1. ## problem regarding volume

The example starts as so,

a crate has a square base of width (and length) x metres and is of height h metres. The haulage company will only transport crates provided that the sum of the length, width and height of a crate is not more than 5 metres. The firm wishes to maximise the volume V of the crate.

I want to explain why h = 5 - 2X if we want to maximise V,

and also to show that the quantity to be maximised is V = 5X^2 - 2X^3

not really sure ive got a grip on this one any help appreciated
- bobby

2. Originally Posted by bobbymellor
The example starts as so,

a crate has a square base of width (and length) x metres and is of height h metres. The haulage company will only transport crates provided that the sum of the length, width and height of a crate is not more than 5 metres. The firm wishes to maximise the volume V of the crate.

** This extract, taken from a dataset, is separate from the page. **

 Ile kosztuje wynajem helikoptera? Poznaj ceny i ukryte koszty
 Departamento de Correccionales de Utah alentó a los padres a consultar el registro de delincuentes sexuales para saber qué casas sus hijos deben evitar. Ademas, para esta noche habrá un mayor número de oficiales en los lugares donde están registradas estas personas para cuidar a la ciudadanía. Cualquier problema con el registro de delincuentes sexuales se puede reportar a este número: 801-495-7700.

I want to explain why h = 5 - 2X if we want to maximise V,

and also to show that the quantity to be maximised is V = 5X^2 - 2X^3

not really sure ive got a grip on this one any help appreciated
- bobby
ok, so you're on the right track
now what you want to do is find the max value for x
so you do this by setting the dervative of V = 5x^2 -2x^3 to 0
then you get V'= 10x-6x^2 = 0
solve that and you get x=5/3m, or x is approx. 1.67m
and you can show that this is the max and no the min, by taking the second derivative, and since that answer will always be negative, therefore the graph in concave down, meaning its the mac value.